— Caption-style text data —
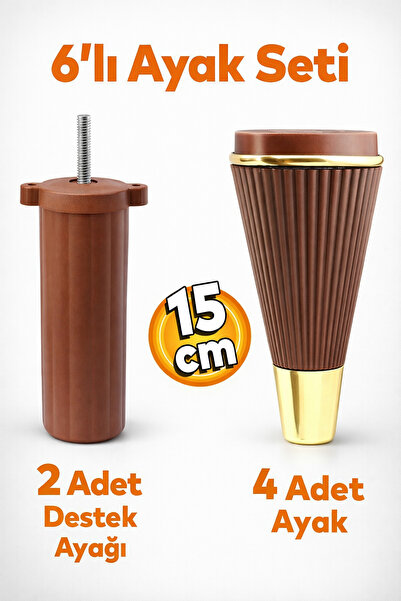 Badem10 Iron 6'lı Set Mobilya Tv Ünitesi Çekyat Koltuk Kanepe Destek Ayağı 15...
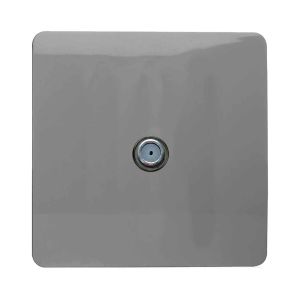 Trendi, Artistic Modern F-Type Satellite 1 Gang Light Grey Finish, BRITISH MADE, (25mm Back Box Required), 5yrs Warranty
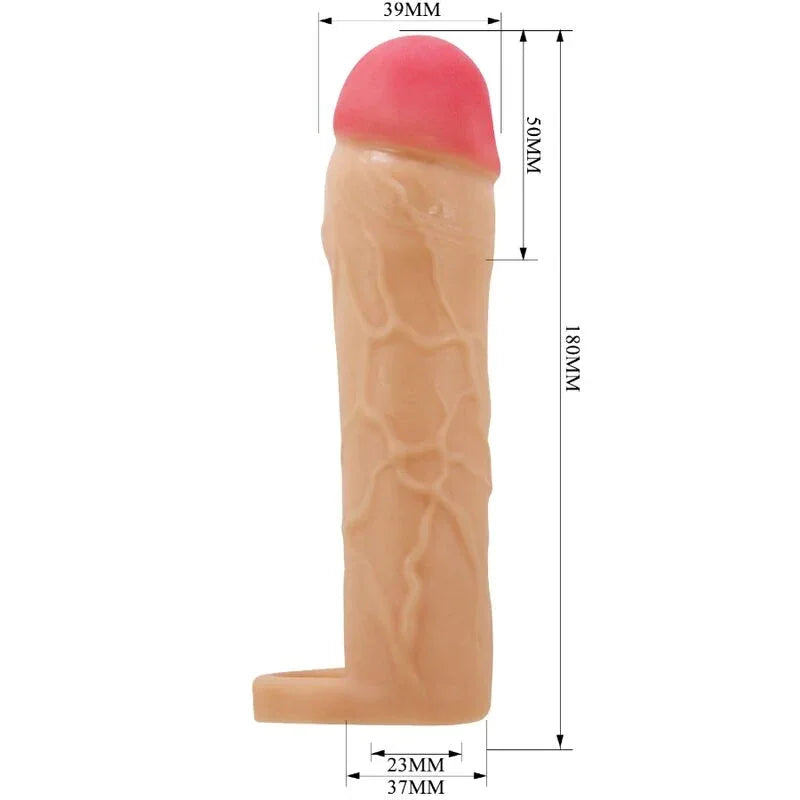 PRETTY LOVE Hani Penisverlängerung mit Hodenring – Silikon, Stimulierende Noppen - Vanelion Paradise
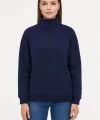 Üç İplik Dık Yaka Yarım Fermuarlı SweatShirt - Lacivert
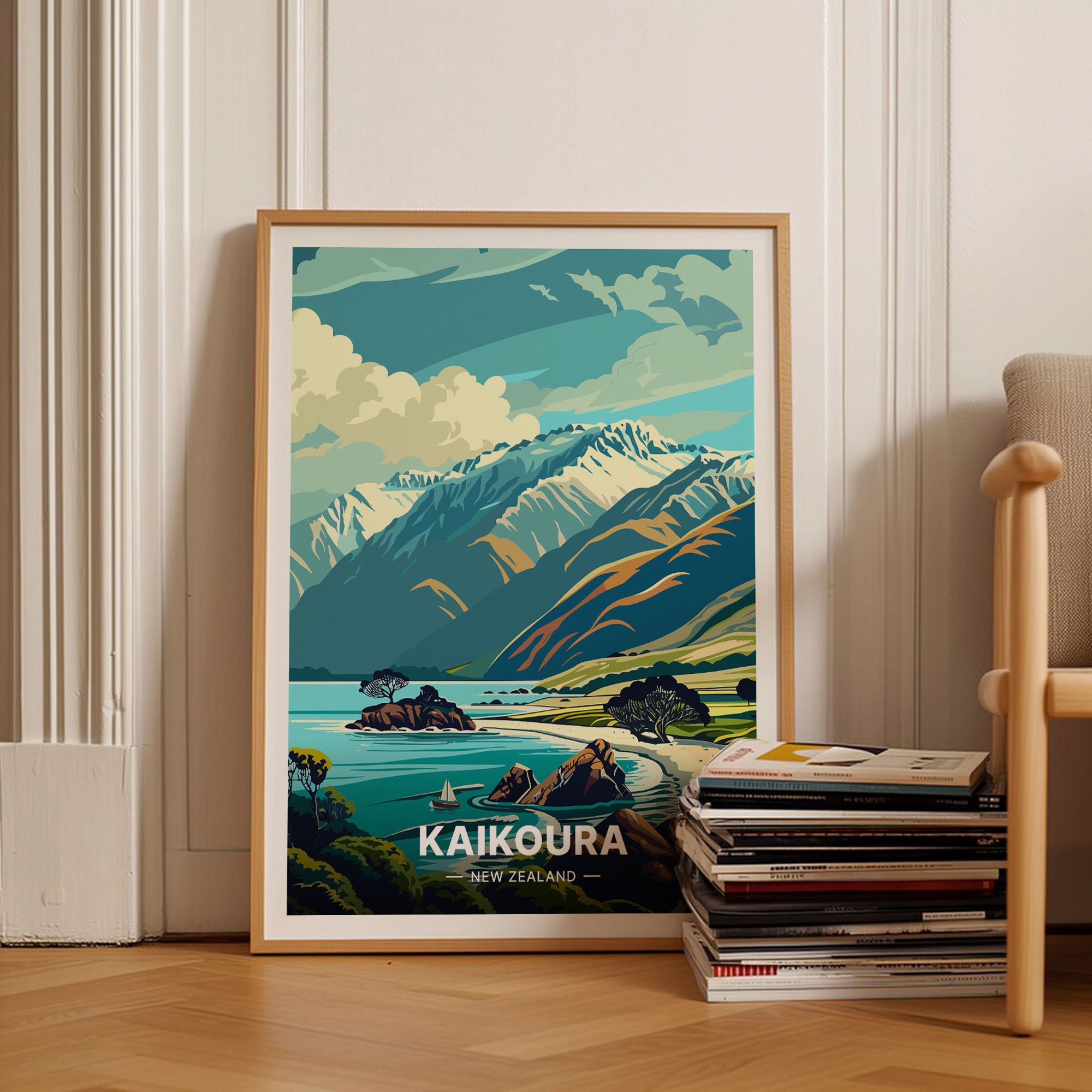 Kaikoura New Zealand Travel Poster, Coastal Landscape Art, C20-633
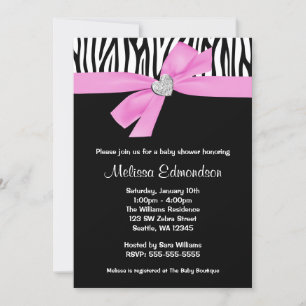 Invitation Coeur en diamant rose Bow Zebra Baby shower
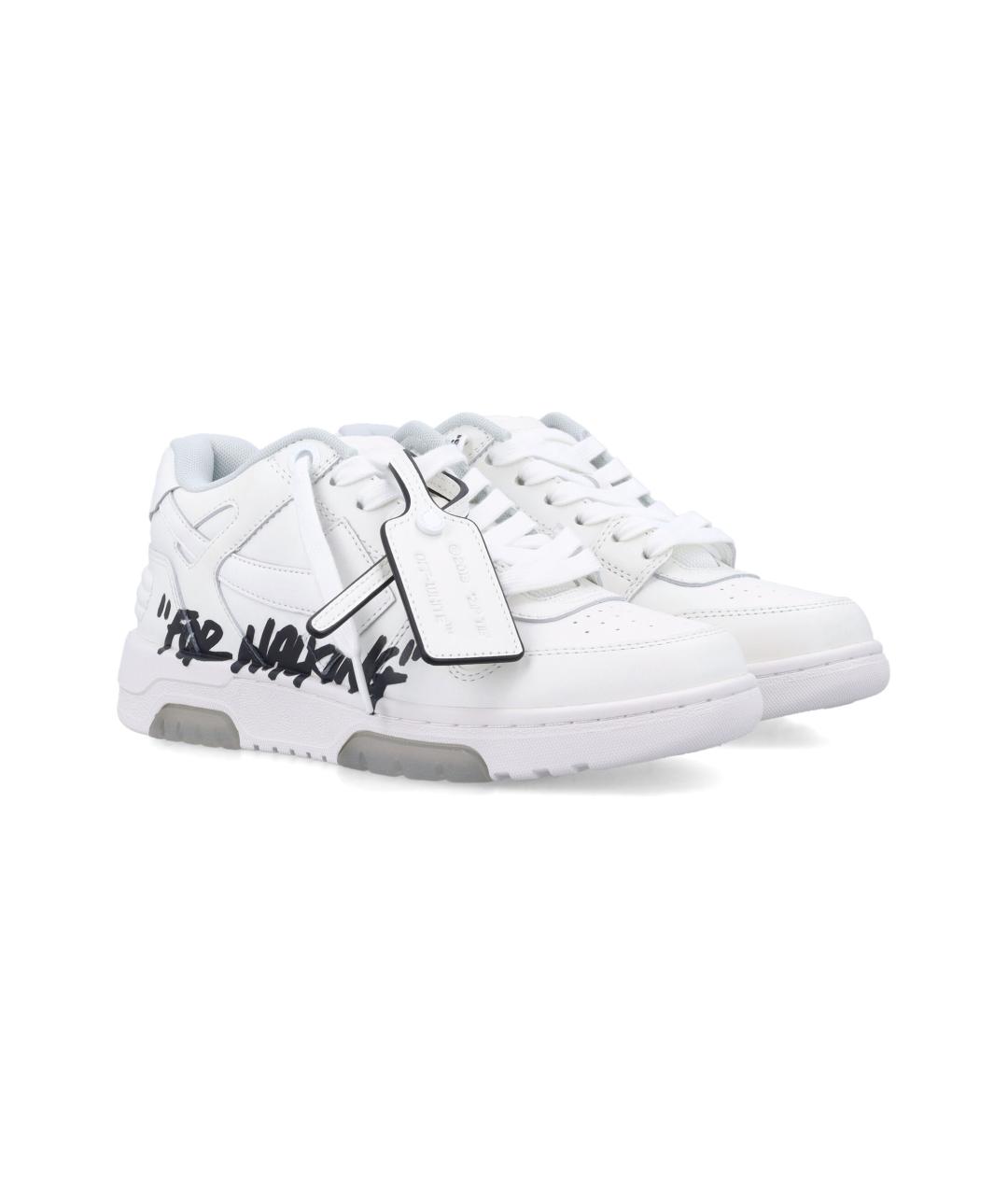 OFF-WHITE Белые кожаные кеды, фото 2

— Task instructions —
What is needed is an exact repetition of every line from the line with "Trendi, Artistic Modern" to the end of the data above, both ends included, with no pictures.

— Output of the task —
 Trendi, Artistic Modern F-Type Satellite 1 Gang Light Grey Finish, BRITISH MADE, (25mm Back Box Required), 5yrs Warranty
 PRETTY LOVE Hani Penisverlängerung mit Hodenring – Silikon, Stimulierende Noppen - Vanelion Paradise
 Üç İplik Dık Yaka Yarım Fermuarlı SweatShirt - Lacivert
 Kaikoura New Zealand Travel Poster, Coastal Landscape Art, C20-633
 Invitation Coeur en diamant rose Bow Zebra Baby shower
 OFF-WHITE Белые кожаные кеды, фото 2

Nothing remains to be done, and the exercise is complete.